En 5608 (1849), une épidémie de choléra se déclara en Russie. Les Juifs se mirent à faire leur examen de conscience (puisque rien n’est fortuit). L’un d’eux vint trouver Rabbi Israël Saleanter pour dire du mal d’untel. Le grand Maître lui répondit qu’on ne bannit pas du camp le « métsora » parce qu’il avait menti, mais même s’il avait dit la vérité (d’après traité « ‘arakhin » 16). Puisqu’il s’entend si bien à débusquer les fautes chez les autres, il sera retranché du camp. « Isolé », il pourra faire son introspection à loisir pour « réparer » ses défauts et ses fautes. De là, on voit que « tel est pris qui croyait prendre. » En disant d’autrui qu’il appartient au « ‘érev rav » (péjoratif ; descendant des Egyptiens qui s’étaient joints à notre peuple lors de la sortie d’Egypte, plus ou moins authentiquement convertis) il ne faisait que se projeter, comme l’enseignait le « Gaon de Vilna ». « Ceux qui cherchent querelles et médisent d’autrui… -ces derniers étant les pires- portent le nom « d’Amalécites » (ennemis jurés d’Israël ; « Even Shéléma » 11, §8). Que Dieu nous épargne de tomber dans leurs filets.

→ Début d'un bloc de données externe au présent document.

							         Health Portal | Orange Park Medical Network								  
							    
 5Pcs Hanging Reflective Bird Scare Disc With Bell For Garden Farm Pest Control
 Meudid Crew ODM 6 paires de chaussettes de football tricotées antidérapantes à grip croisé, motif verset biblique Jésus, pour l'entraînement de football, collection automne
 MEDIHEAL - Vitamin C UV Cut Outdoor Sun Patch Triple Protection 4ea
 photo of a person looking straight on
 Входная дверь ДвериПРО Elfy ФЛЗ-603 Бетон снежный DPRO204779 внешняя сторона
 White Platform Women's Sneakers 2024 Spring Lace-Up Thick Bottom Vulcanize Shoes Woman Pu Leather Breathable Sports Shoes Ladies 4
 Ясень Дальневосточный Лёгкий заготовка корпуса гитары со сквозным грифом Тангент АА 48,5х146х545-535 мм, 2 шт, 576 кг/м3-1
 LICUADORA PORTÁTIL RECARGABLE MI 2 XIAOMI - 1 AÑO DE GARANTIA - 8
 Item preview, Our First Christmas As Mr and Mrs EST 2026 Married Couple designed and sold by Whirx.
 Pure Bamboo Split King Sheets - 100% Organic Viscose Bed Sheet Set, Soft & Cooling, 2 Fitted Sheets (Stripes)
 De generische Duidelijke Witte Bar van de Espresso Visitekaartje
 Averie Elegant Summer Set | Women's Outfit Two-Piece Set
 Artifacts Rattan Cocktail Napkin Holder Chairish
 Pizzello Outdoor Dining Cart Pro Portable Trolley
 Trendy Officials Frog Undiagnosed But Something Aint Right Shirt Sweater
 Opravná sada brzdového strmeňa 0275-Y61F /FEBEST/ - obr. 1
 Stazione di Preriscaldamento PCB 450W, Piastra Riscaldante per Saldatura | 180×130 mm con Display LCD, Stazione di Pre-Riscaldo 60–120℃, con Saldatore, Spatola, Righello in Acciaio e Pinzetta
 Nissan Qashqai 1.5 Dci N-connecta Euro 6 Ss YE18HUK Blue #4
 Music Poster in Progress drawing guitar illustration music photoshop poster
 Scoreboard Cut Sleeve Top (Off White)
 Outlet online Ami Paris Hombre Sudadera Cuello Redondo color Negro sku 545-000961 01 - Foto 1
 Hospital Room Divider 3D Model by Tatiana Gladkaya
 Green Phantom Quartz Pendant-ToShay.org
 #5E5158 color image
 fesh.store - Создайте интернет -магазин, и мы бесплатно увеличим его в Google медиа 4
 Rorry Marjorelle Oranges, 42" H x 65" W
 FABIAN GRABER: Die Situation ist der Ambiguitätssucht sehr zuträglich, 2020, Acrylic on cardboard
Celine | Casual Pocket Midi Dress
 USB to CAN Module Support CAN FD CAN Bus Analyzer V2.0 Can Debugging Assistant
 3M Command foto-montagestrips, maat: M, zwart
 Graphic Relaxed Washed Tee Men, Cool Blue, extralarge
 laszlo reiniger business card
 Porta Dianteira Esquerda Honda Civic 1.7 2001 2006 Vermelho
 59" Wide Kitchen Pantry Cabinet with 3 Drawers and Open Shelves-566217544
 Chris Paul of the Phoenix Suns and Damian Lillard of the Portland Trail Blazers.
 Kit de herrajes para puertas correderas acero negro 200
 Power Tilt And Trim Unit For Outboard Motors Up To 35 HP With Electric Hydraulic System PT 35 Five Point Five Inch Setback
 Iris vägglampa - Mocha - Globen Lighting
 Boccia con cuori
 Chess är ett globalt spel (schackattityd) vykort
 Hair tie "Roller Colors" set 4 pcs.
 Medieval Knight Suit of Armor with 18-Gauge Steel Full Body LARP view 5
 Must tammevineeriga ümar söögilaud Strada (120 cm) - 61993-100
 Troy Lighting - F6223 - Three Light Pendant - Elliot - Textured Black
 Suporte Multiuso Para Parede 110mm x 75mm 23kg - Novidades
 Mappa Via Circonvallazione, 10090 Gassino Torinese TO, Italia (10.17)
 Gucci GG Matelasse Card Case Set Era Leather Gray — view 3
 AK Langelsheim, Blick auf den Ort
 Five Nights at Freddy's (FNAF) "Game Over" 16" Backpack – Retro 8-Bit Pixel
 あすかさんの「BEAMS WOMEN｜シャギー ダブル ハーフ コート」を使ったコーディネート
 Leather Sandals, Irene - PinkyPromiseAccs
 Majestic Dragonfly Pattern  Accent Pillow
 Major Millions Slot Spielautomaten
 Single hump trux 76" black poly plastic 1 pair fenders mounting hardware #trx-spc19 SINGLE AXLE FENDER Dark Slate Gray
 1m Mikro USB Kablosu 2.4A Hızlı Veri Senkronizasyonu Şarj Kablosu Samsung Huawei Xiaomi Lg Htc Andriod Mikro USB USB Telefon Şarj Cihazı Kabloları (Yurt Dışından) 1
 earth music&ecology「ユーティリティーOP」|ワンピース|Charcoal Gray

On ne rappellera jamais assez la gravité de la médisance. A propos de la « Faute des Explorateurs » (cf. Nom. XIII), une « Mishna » enseigne : « Ainsi, la parole est plus grave que l’acte car Dieu n’a décrété le châtiment de nos ancêtres dans le désert que lorsqu’ils ont bafoué (Eretz Israël) » (Traité « ‘arakhin » 15 a). Celui qui décrie une jeune fiancée commet une faute plus grave que s’il l’avait violée » (ibidem), malgré tout ce que cet acte a d’horrible et de traumatisant, car même si on découvre qu’il avait menti, il y aura toujours des gens pour penser « qu’il n’y a pas de fumée sans feu ».

Là encore, on doit apprendre de la démarche intellectuelle du plus achevé de tous les hommes : « Lorsque Dieu dit à Moïse (après la « Faute du Veau d’Or ») : « Descends, car le peuple que tu as fait sortir d’Egypte s’est corrompu » (Ex. XXXII, 7), il (Moïse) –qui tenait les Tables (de l’Alliance)- ne voulait pas croire qu’Israël avait (effectivement) fauté. Il Lui dit : « Je n’y croirai pas tant que je ne l’aurai pas vu », comme il est dit : « Alors qu’il approchait du camp, il vit le veau (d’or) et les danses. Moïse s’emporta et jeta les Tables de ses mains, les brisant au pied de la montagne » (Ex XXXII, 19). Il ne les brisa qu’après les avoir vues de ses yeux. Malheur à celui qui témoigne sur la foi de ce qu’il voit uniquement. Moïse aurait-il pu douter de la déclaration de l’Eternel, « Le peuple… s’est corrompu ?! » – Non. Mais il voulait enseigner le savoir-vivre (authentique) à Israël. Même si on entend telle chose d’une personne digne de confiance, on n’est pas tenu de recevoir son témoignage ni (à plus forte raison) de se comporter en conséquence » (« Shémot Rabba » 46, §41).